Tripolar guide magnetic fields due to island coalescence in solar wind current sheets: Simulation and theory

Newman, David L.; Eriksson, Stefan; Lapenta, Giovanni

United States, Belgium

Abstract

Reconnecting current sheets (CSs) in the solar wind near 1 AU have been previously identified that exhibit a modified Hall magnetic field perturbation of the nominal guide field characterized by a "tripolar" structure with depressions on both sides of a central maximum [Eriksson et al., Astrophys. J. 805, 43 (2015)]. Such CSs were inferred to contain multiple interacting islands based on measurements from all four Cluster satellites. A new set of 2D particle-in-cell simulations have been performed providing the foundation for a theoretical model for the origin of the tripolar guide-field perturbation. The simulations are initialized with a thin CS unstable to the formation of many small islands that undergo pairwise coalescence and growth. The guide field depressions develop as the result of a balance between the electrostatic (curl-free or irrotational) and electromagnetic (divergence-free or solenoidal) components of the parallel electric field.
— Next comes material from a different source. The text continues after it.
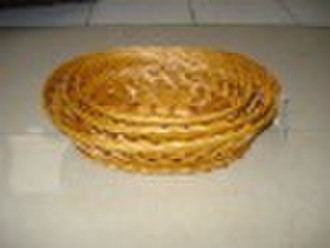 willow basket or woven basket or storage basket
Field-line and flow-line tracing provide additional support for the model by demonstrating how a level of charge separation sufficient to support a large electrostatic potential can be maintained following island coalescence. A parameter study reveals that the plasma beta is the primary quantity controlling the evolution of the tripolar field. Dependence on the initial guide-field strength is also investigated.